Маленькие штампики Nice, Côte d'Azur в моем паспорте, как ни странно, не имеют никакого отношения к Ницце, потому что я пролетала, проносилась через Ниццу вперед, к своей невероятной истории, от которой кружилась голова и замирало сердце. Ницца запомнилась сценой ревности, казино Монте-Карло – напрасным, незамеченным и неоцененным отсутствием белья под вечерним платьем, вилла в Антибе – тем, что Сандро впервые познакомился с моими французскими друзьями и страшно нервничал, Канн – тем, что я ему сказала: «А зачем нам жениться, когда нам и так хорошо…» – и всем, что за этим последовало. Другими словами, собственно Лазурный Берег я так и не разглядела.
А совсем недавно нас занесло в Монте-Карло в аккурат на Пасху – мы не законченные идиоты, собирающиеся каждые выходные на Лазурный Берег, просто там была назначена встреча с моей бывшей преподавательницей французского, – и вместо своего личного литературного рая я обнаружила тщательно сконструированный рай для богатых.
Очень богатые люди, если вы заметили, периодически испытывают некое смутное чувство вины при виде вопиющей нищеты. Русские при этом тренируют выборочное зрение (без него в Москве пропадешь), а западноевропейские буржуи раз в месяц подписывают чек какой-нибудь благотворительной организации. Есть, например, такое изобретение – усыновление на расстоянии: платишь ежемесячно некую сумму денег, и на эти деньги воспитывается голодный африканский или украинский ребенок.

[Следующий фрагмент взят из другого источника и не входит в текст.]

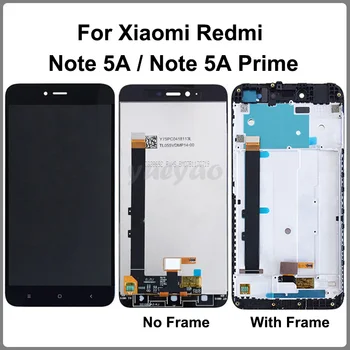 XİAOMİ Redmi için Not 5A dokunmatik LCD ekran Ekran Xiaomi Redmi İçin Not 5A Başbakan LCD Y1 / Y1 Lite Ekran Çerçeve Değiştirme İle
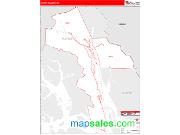 Haines County, AK Zip Code Wall Map
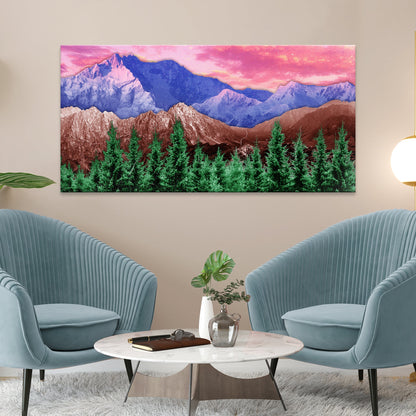 Happy Nature Canvas Wall Art
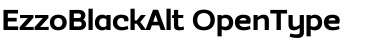 Download EzzoBlackAlt Regular Font Title Preview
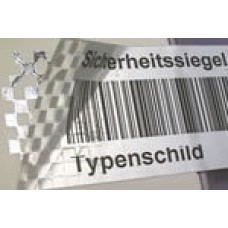 Sicherheits-Rollenetiketten, Format 60 x 40 mm für Thermtransfer Drucker - Checkerboard-Sicherheitsetiketten, delaminierend mit Schachbrettmuster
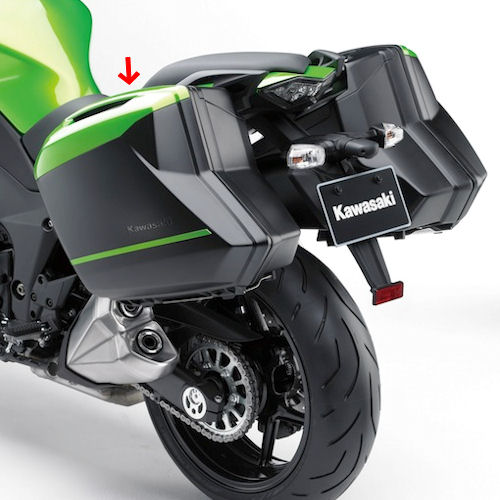 楽天市場】KAWASAKI純正 カワサキ J99994-0866 パニアケース（左右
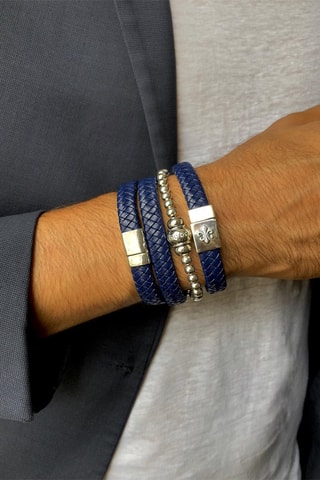 Bracelet - Cuir et argent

А вот на Лазурном Берегу жизнь организована так, что ничего неприятно бедного тебе на глаза не попадется. Ни один человек с годовым доходом ниже 50 тысяч в год здесь не появится; нищих, надо полагать, тут аккуратно травят по ночам дихлофосом, даже мусора в городе и того нет. Средиземное море, как было обещано, пронзительно лазурного цвета, цветы цветут, фонтаны журчат, небо голубеет, и официант в ресторане похож на банкира, заказ записывает в портативный маковский компьютер и говорит на всех европейских языках.
Но – внимание! Это только фон. А на всем этом фоне – цыганочка с выходом – русские на пасхальных каникулах. Бродят, как по лесу, аукают, перекликиваются («Ой, Вань, смотри, какие клоуны!»). Хуже русских только итальянцы, увешанные детьми, фотоаппаратами и приклеенные к мобильным телефонам («Кьяра! Ты знаешь, где мы сейчас? Вот ни за что не угадаешь! В Монте-Карло!»). Официанты-банкиры делают вид, что не понимают ни слова из того, что им не предназначено, вежливо слушают чудовищный французский и обслуживают публику почтительно и виртуозно. Счет тоже получается… виртуозный.
Как ни странно, нет такого размаха, как в Портофино, – там, например, был круглосуточный магазин бриллиантов «Голубая мечта». А здесь все сдержанно и достойно. Солидно и надежно. Обеспеченно и гарантированно.
И больше всего на всем Лазурном Берегу мне запомнился маленький магазинчик в Монте-Карло, сплошь заклеенный газетной хроникой из жизни королевской фамилии, а среди газетных статей – старая фотография принца, проходящего со свитой мимо дверей этого самого магазинчика. И хозяин в дверях стоит и благоговеет.